Pollard war am 21. November 2015 auf Bewährung aus der Haft entlassen worden. 2018 hatte das US-Justizministerium die Aufhebung der damit verbundenen Restriktionen abgelehnt. Israel hatte seinerzeit eine formelle Ausreisegenehmigung für Pollard beantragt, wurde aber negativ beschieden. Doch nun verzichtete Justizminister Bill Barr auf eine Verlängerung der Bewährungs-Auflagen, darunter auch einem Reiseverbot ins Ausland. Damit ist das Drama um den heute 66-jährigen Pollard indes noch nicht ausgestanden.
Pollard war am Nachrichtendienst der US-Navy tätig und begann 1984 mit der Weitergabe geheimer Informationen an Israel. Ein Jahr später wurde Pollard verhaftet und wegen Spionage angeklagt. US-Geheimdienste drangen auf eine harte Strafe. Pollard bekannte sich 1987 schuldig und wurde zu lebenslanger Haft verurteilt. Dort wandte sich der zunächst kaum religiöse Pollard dem Glauben zu und allmählich wuchs die Zahl seiner Unterstützer in der amerikanisch-jüdischen Gemeinschaft über Orthodoxe und konservative Organisationen hinaus.
Pollard wurde schließlich 2015 nach langem Drängen auch aus Israel auf Bewährung entlassen. Seinerzeit gab es Gerüchte, wonach Präsident Barack Obama und US-Außenminister John Kerry dadurch Zugeständnisse Israels bei Friedensgesprächen mit den Palästinensern einhandeln wollten. Dazu kam es jedoch nicht.

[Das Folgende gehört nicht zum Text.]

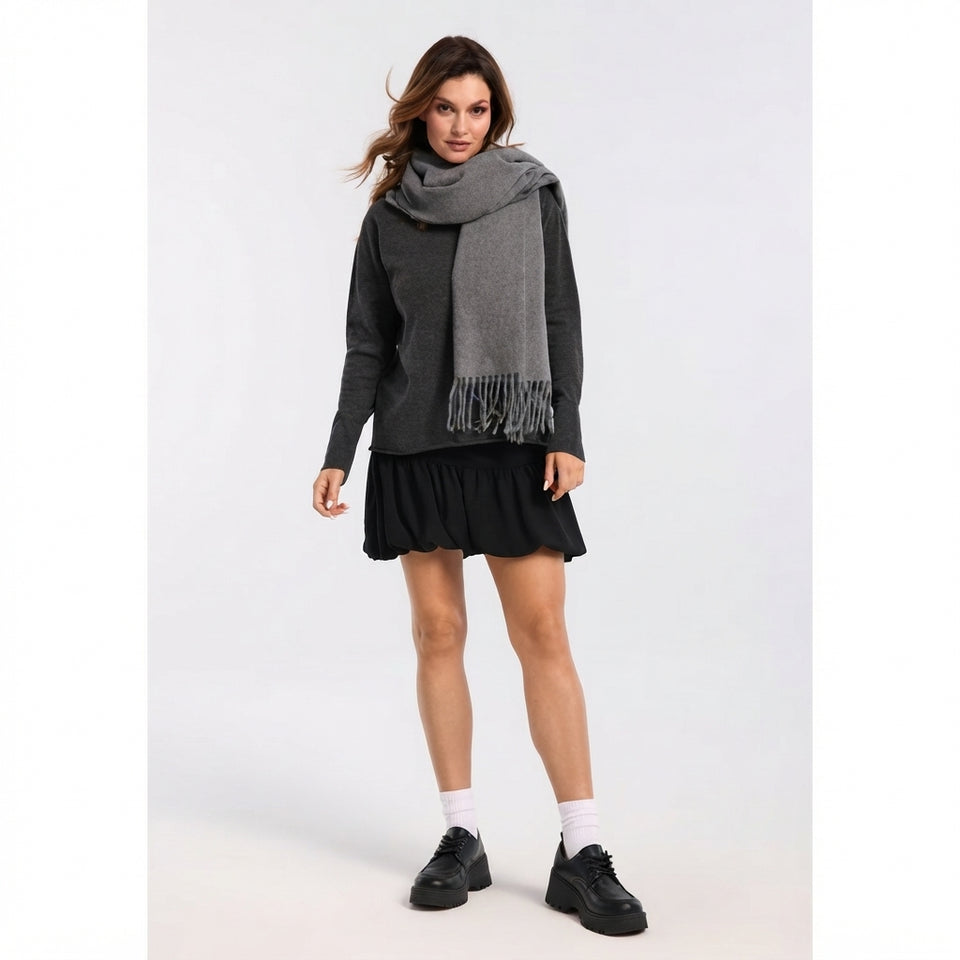 Sinsay Women's Dark Grey Mock Neck Blouse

Die Affäre war lange ein sensibles Thema. Bei seiner Entlassung erklärte der ex-Diplomat Stuart Schwartzstein topnews gegenüber, der Fall Pollard sei für amerikanische Juden schwierig und schmerzhaft. Mache sich ein Mitglied eines Vergehens schuldig, werde dies als Makel für die gesamte Gemeinschaft empfunden. Die Pollard-Affäre habe zudem den alten Vorwurf der «doppelten Loyalität» zumindest in das amerikanisch-jüdische Bewusstsein gerufen – die Unterstellung also, dass Juden ihr eigener Staat und ihre Gruppe wichtiger sei, als ihre Verpflichtungen als US-Staatsbürger. Die zunehmende Sympathie und Unterstützung für Pollard sprach daher auch für ein wachsendes, jüdisches Selbstbewusstsein und Mut zu komplexeren Positionen: dass man also durchaus loyaler US-Bürger sein und sich gleichzeitig für Israel und eigene Anliegen einsetzen kann.
Am Wochenende sprachen Netanyahu und Pollard dem israelischen US-Botschafter Ron Dermer besonderen Dank für dessen Engagement für die Aufhebung der Bewährung aus. Laut Netanyahu hat Dermer in den letzten Jahren über 150 Gespräche mit Pollard geführt. Der prominente Jurist Alan Dershowitz erklärte dem «Jewish Insider» dazu, die Massnahme sei mehr als überfällig gewesen. Der israelische Gesundheitsminister Yuli Edelstein will Pollard und seiner krebskranken Frau Ressourcen für eine angemessene Pflege bereitstellen.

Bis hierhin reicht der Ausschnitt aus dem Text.